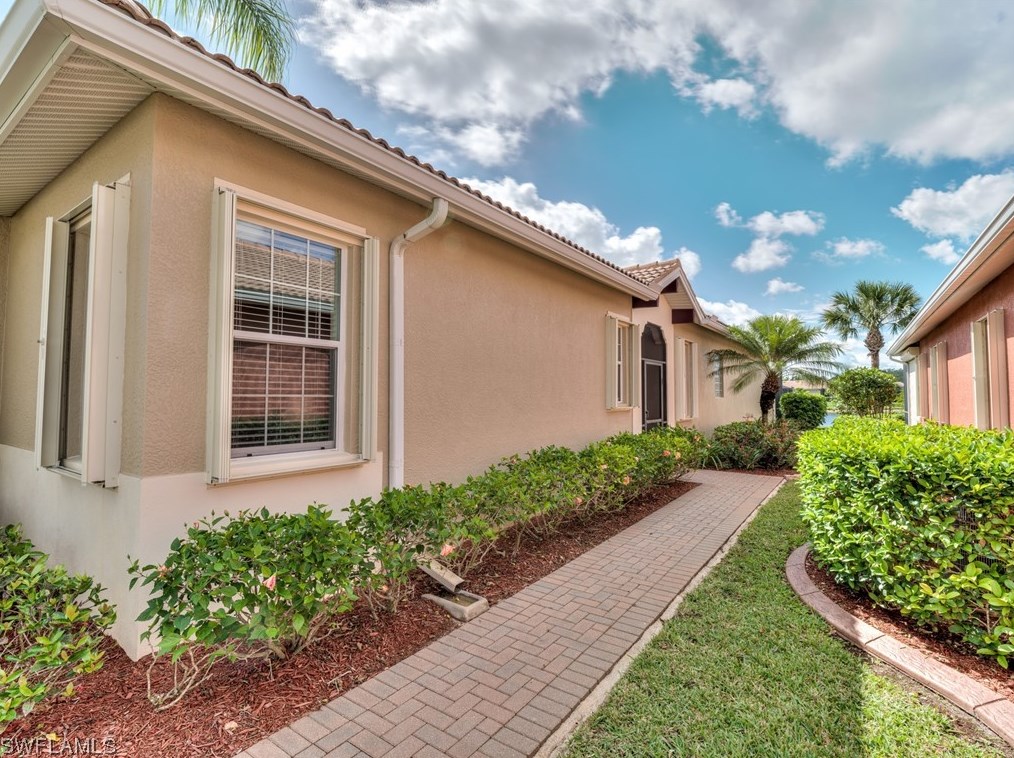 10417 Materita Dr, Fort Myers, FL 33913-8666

━━━━━━━━━━━━━━━━

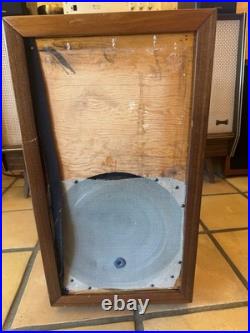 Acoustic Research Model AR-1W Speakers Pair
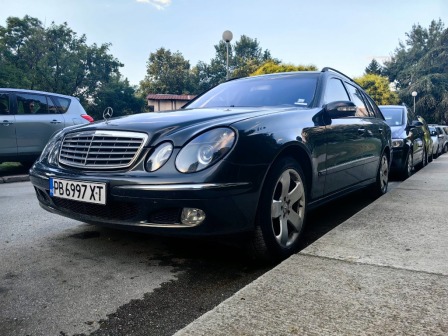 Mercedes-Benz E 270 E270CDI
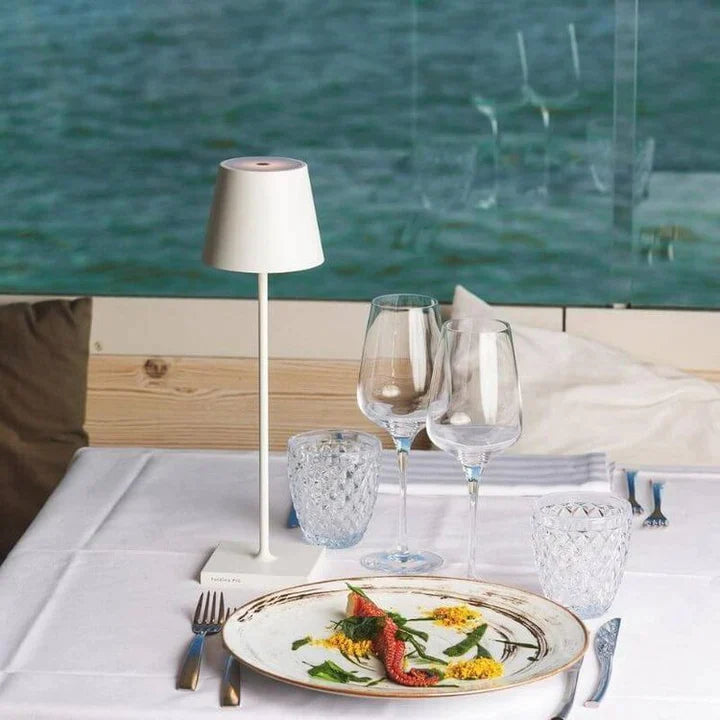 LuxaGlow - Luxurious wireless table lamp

━━━━━━━━━━━━━━━━

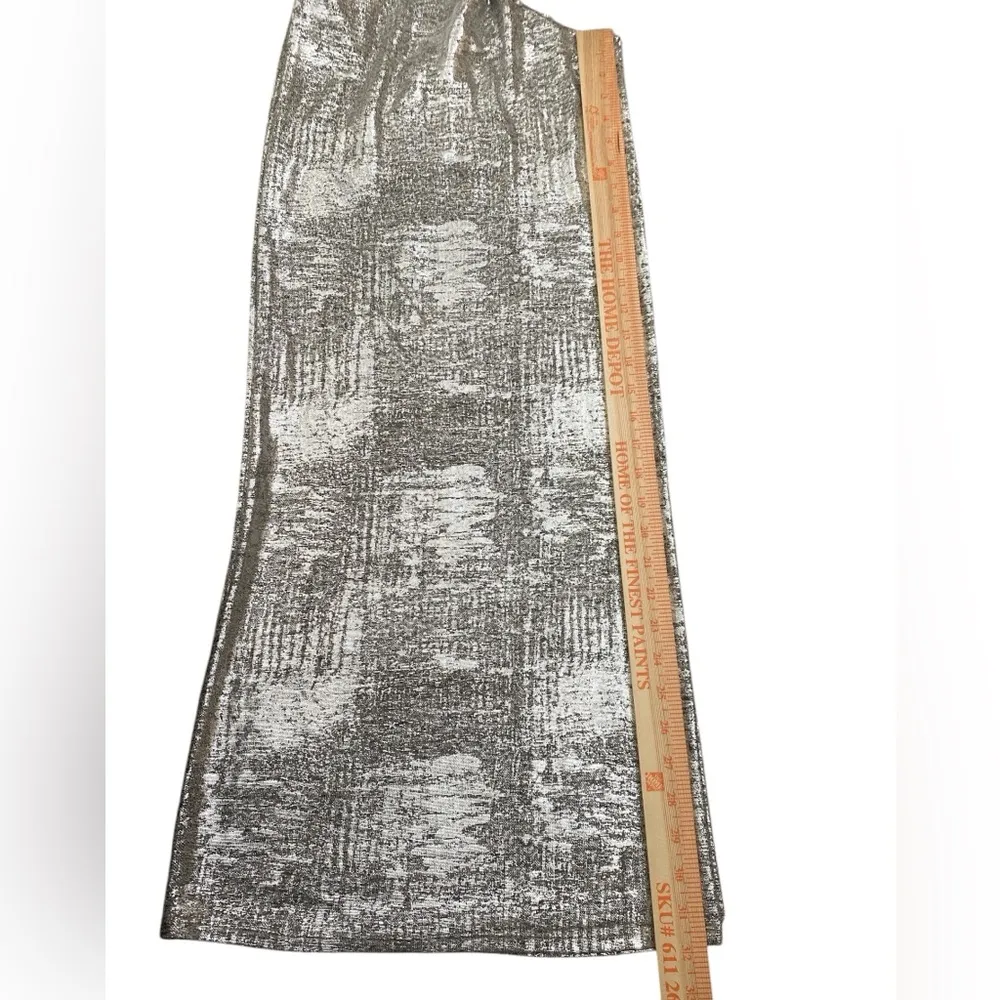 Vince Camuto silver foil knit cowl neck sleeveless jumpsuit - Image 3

━━━━━━━━━━━━━━━━

**WHAT TO WORK ON**: Having found the line with "Mercedes-Benz E 270 E270CDI" and the line with "LuxaGlow - Luxurious wireless table lamp" in the material above, write out exactly those two and every line between, leaving the pictures out.

**RESULT OF THE TASK**:
 Mercedes-Benz E 270 E270CDI
 LuxaGlow - Luxurious wireless table lamp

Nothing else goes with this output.